* **WHAT TO DO**: Skip the pictures, and retype the data below in full, exactly.

** INFORMATION PROVIDED follows **

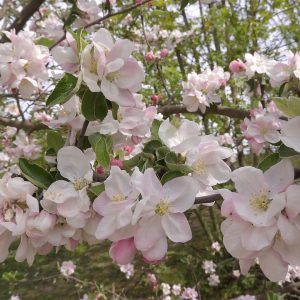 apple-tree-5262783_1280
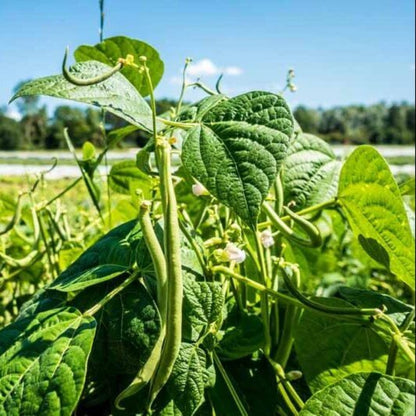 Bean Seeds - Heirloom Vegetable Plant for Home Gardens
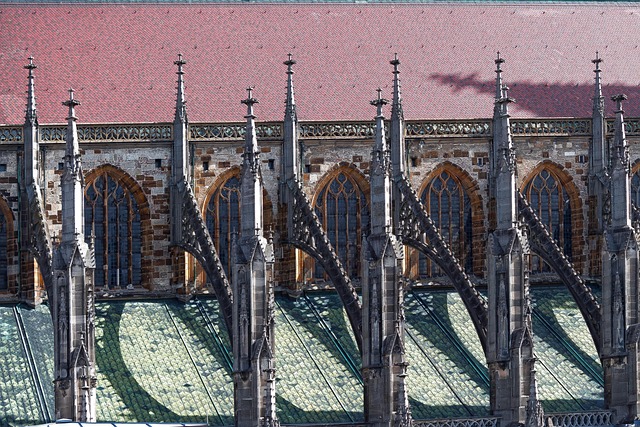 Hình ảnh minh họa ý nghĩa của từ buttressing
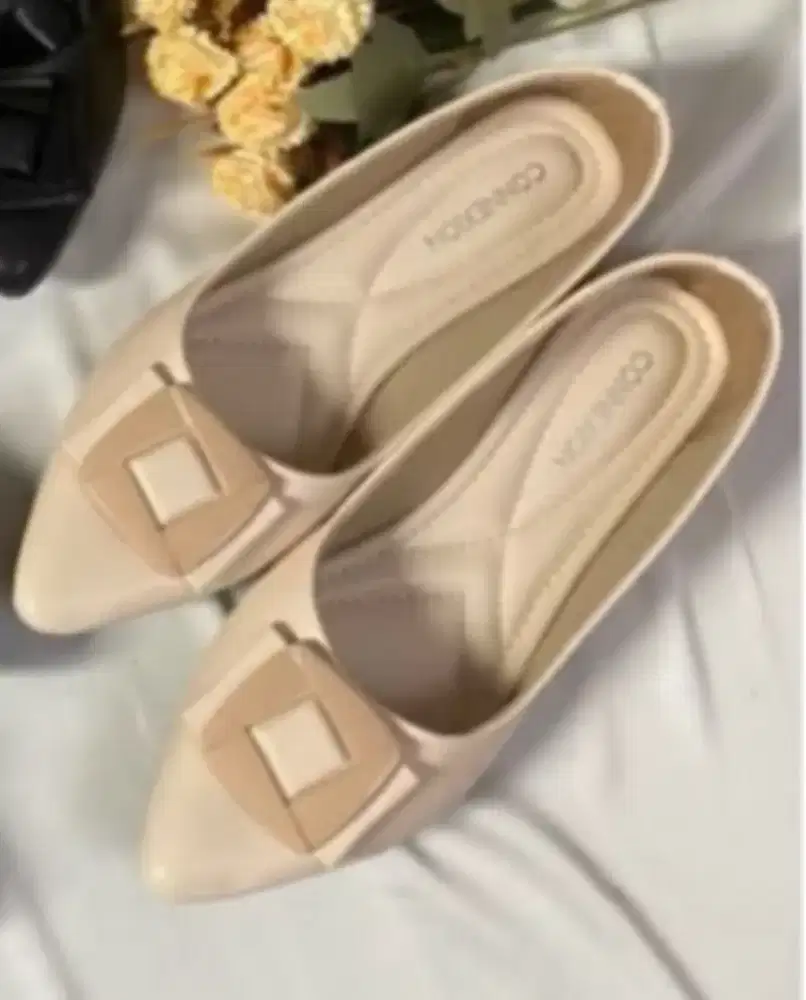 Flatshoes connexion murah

** End of INFORMATION PROVIDED **

* **ANSWER**:
 apple-tree-5262783_1280
 Bean Seeds - Heirloom Vegetable Plant for Home Gardens
 Hình ảnh minh họa ý nghĩa của từ buttressing
 Flatshoes connexion murah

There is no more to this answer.